Oliver Wehrens
Seasoned Technology Leader. Mentor. Dad.
Oliver Wehrens

Getting started with veewee and vagrant

- 3 min

What do you need to do to get a fully automated kickstart of a virtual machine on your local development platform running? Not much it turns out. There are some tricks to get around but after that it’s all fine.

The resulting image can also be used to get a system in production.

I will look at the OS installation part. Puppet will come in a later post.

Installation

Tools we will play with:

  • rvm
  • VirtualBox
  • VeeWee
  • Vagrant

Simple first step: get VirtualBox from Oracle and instal it. Make sure you get the latest version.

Next up is rvm the tool to manage the ruby version your ruby code needs (or so). Read about rvm.
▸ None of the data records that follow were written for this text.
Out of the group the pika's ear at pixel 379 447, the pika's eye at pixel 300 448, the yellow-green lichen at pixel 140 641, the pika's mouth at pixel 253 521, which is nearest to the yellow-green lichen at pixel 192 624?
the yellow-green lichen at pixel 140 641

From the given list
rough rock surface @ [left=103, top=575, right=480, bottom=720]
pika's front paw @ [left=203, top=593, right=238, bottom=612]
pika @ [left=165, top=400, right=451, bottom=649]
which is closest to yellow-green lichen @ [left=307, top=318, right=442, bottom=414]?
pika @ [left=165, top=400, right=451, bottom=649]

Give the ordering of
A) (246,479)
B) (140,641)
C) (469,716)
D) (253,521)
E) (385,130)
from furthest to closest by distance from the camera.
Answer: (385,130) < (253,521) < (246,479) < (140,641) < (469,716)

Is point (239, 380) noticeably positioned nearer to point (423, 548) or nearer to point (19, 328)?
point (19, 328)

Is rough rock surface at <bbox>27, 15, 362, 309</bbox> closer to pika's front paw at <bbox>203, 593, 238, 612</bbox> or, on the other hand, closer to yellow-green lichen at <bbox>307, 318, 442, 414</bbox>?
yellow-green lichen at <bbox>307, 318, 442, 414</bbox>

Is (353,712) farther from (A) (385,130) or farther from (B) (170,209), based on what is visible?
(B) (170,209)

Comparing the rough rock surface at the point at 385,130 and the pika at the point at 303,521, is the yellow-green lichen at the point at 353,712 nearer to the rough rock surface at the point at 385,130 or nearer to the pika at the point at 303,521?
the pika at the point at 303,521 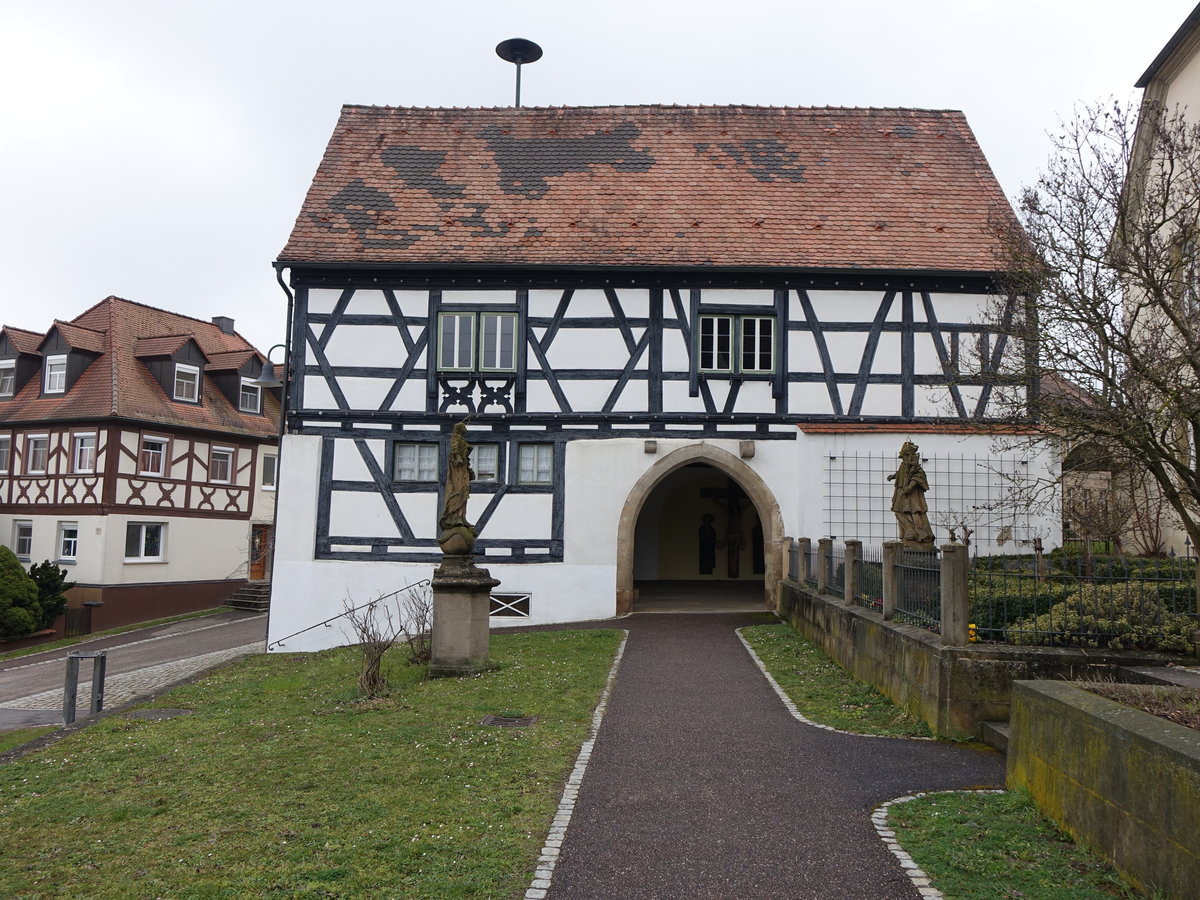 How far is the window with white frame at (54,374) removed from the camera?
29.7m

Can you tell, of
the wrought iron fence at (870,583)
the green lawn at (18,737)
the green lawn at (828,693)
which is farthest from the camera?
the wrought iron fence at (870,583)

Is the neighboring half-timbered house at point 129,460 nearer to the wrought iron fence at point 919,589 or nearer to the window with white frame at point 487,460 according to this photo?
the window with white frame at point 487,460

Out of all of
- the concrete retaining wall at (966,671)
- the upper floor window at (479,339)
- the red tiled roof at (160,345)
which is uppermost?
the red tiled roof at (160,345)

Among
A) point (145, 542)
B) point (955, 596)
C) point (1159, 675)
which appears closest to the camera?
point (1159, 675)

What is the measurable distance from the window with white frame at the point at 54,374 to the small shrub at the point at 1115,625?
2921 cm

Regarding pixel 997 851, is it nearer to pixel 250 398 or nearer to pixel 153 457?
pixel 153 457

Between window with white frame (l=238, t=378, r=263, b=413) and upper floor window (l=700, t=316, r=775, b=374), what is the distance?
19871 mm

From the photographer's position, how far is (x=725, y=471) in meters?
18.0

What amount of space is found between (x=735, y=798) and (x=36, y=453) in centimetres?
2890

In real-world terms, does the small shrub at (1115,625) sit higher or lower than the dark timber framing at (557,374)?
lower

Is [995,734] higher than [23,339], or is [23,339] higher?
[23,339]

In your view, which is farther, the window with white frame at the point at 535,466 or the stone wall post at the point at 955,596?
the window with white frame at the point at 535,466

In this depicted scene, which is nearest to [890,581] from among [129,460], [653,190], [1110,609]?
[1110,609]

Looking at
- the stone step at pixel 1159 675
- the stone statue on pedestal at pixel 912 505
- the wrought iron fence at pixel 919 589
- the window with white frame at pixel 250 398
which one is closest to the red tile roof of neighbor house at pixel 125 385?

$ \curl -L https://get.rvm.io | bash -s stable --ruby

The above line will do the trick to get you the latest version of rvm installed. This may take a while.

Now we come to the meat:

VeeWee: the tool to easily build vagrant base boxes or kvm,virtualbox and fusion images

VeeWee will build the basebox containing our operating system which will be booted on the commandline in virtualbox via vagrant. ;-)

VeeWee is written in ruby, so it’s time to get your previously installed rvm in place.

  1. If you use rvm for the first time you might need to do an addtional install of the needed ruby version.
  2. Drink coffee

As the docs of veewee mention:

The Veewee project is moving quickly and the Rubygem might be outdated. We recommend installing Veewee from source.

So your first steps would be:

$ git clone https://github.com/jedi4ever/veewee.git
$ cd veewee
$ gem install bundler
$ bundle install

This takes a moment and you are all setup for building a basebox for vagrant fully automated.

Still in the VeeWee source directory you can define boxes. They do have many templates available. Pick and choose you want to use from the templates directory. VeeWee will copy the template to the definitions directory.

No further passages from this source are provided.